Central Bank Governor John Rwangombwa

The National Bank of Rwanda (BNR) revealed that Rwanda’s economy has remained resilient in the first half of the year, though climate change impacts agriculture and market prices remain the biggest threat.

Central Bank Governor, John Rwangombwa showed that in the first half of 2023 (7.7%) the service sector, the largest economy player, led with 11.3%, growth followed by industry by 7%, while the agriculture sector failed two years in a row with 0.3% growth.

“Unfortunately, agriculture has performed poorly for two consecutive years now. Last year we had poor agriculture performance because of bad weather, same story this year so far the first half we see agriculture growing by 0.3 percent,” Rwangombwa said.

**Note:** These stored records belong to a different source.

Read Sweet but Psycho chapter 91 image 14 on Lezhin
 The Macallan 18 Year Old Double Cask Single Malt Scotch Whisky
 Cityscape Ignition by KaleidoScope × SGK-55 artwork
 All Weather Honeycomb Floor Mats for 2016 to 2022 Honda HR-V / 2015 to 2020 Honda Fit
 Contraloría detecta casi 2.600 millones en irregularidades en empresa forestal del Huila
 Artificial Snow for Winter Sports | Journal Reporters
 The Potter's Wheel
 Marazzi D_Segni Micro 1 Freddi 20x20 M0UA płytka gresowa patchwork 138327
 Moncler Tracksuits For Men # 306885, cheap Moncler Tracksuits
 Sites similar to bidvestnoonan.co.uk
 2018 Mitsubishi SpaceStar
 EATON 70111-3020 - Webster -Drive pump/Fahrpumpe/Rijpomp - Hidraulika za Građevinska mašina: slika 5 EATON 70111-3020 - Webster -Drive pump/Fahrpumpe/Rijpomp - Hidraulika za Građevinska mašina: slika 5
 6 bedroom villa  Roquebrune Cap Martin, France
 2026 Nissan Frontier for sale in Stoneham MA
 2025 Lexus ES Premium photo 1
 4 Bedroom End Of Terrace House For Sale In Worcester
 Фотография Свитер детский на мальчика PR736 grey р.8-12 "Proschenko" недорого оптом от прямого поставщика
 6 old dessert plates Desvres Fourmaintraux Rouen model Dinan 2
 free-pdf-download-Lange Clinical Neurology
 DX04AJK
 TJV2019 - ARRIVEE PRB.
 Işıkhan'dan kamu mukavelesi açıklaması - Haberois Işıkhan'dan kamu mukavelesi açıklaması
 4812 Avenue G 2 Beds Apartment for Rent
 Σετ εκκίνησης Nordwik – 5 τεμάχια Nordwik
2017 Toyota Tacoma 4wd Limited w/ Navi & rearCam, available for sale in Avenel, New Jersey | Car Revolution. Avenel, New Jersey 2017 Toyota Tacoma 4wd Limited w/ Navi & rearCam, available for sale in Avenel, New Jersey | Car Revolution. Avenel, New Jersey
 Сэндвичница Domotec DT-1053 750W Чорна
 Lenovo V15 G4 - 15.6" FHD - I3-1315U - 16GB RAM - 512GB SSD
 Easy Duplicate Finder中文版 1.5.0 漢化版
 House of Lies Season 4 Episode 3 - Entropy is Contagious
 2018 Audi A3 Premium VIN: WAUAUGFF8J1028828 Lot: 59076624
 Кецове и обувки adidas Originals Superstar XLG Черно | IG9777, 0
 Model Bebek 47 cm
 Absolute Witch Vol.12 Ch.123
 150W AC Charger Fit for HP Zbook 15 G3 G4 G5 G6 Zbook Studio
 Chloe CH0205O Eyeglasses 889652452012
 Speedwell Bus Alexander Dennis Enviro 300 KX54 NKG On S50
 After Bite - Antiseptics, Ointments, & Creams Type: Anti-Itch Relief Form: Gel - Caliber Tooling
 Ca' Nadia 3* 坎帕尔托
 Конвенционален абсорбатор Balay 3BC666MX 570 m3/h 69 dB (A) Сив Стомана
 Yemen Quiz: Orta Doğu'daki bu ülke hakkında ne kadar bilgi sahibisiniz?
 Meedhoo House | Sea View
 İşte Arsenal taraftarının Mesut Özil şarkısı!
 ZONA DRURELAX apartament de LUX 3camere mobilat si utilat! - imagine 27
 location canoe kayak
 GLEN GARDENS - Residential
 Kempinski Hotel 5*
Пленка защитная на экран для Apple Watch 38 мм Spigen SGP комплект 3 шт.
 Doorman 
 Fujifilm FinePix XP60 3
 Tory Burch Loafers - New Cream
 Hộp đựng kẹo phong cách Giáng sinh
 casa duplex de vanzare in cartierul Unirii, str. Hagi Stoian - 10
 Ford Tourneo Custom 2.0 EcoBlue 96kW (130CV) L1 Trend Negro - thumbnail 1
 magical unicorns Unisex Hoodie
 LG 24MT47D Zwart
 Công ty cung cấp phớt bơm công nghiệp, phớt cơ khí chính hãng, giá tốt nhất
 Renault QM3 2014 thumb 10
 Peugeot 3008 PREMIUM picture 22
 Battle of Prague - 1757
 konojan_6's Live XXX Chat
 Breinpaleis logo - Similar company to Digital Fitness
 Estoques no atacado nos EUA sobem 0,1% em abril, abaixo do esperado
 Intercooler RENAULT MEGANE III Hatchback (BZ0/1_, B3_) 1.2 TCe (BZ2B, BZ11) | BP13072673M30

Rwangombwa was this September 20, 2023, presenting the Monetary Policy and Financial Stability Statement (MPFSS)2023 which assessed the economic and financial sector development for of the first half of 2023 and an outlook of the 2nd half and beyond.

The Governor said that this has impacted the current inflation (at 12%) mainly caused by the trade deficit of 23.3% in the first half increasing the forex packet and depreciating the franc by 8.8% against the US dollar.

However, the high growth in import bill (18.5%) has impacted greatly on the exchange market against the good performance in exports (11.2%).

The Central Bank said that in order to ease the pressure on the local currency, it has been injecting more US dollars in the market from over $4million to $10.5milion per week.

On the other hand, the pressures on the reserves have been reduced by the good performance in other private flows such as tourism travels which grew by 44.3%, foreign direct investment (11.2%), and remittances by 11.3%.

Inflation development (projections) show that headline inflation is expected to drop below 12.3% (as of August 2023) to 7.6% by the end of the fourth quarter and drop further to 5% next year.

“That course will depend on how agriculture performs,” Rwangobwa said and explained that the reason why Rwanda’s inflation remains at a double digit is because of the high inflation in fresh food which still remains high despite a significant reduction.

Deputy Governor Central Bank Soraya Hakuziyaremye

Core inflation dropped from 15.4% in December 2022 to 8.4% in August 2023, energy inflation dropped from 19.9% to 3.2% and Fresh food inflation dropped from 50.1% to 29.8% in the same duration.

The last time Rwanda had highest inflation was in 2016 (9.7%).

Rwangombwa said: “Ease on food inflation will be expected in the production season C, maybe in the next month, if possible, but mainly we expect it to go down in November, December when season A starts kicking in,”

As a way to further ease inflation pressure on the monetary policy, BNR has for the last three years increased the repo rate from 4.5% to 7.5% and the interbank rate increased from 5.4% to 8.1% (2022H-2023H1) to enable financial stability as deposit rates also increased from 7.48% to 9.5% (in the same period).

BNR stated that the drop in inflation will be driven by strong Central Bank policy decisions, measures; and government policy to revamp agriculture production but the risk areas remain geopolitics, oil prices, and climate change impact on agriculture.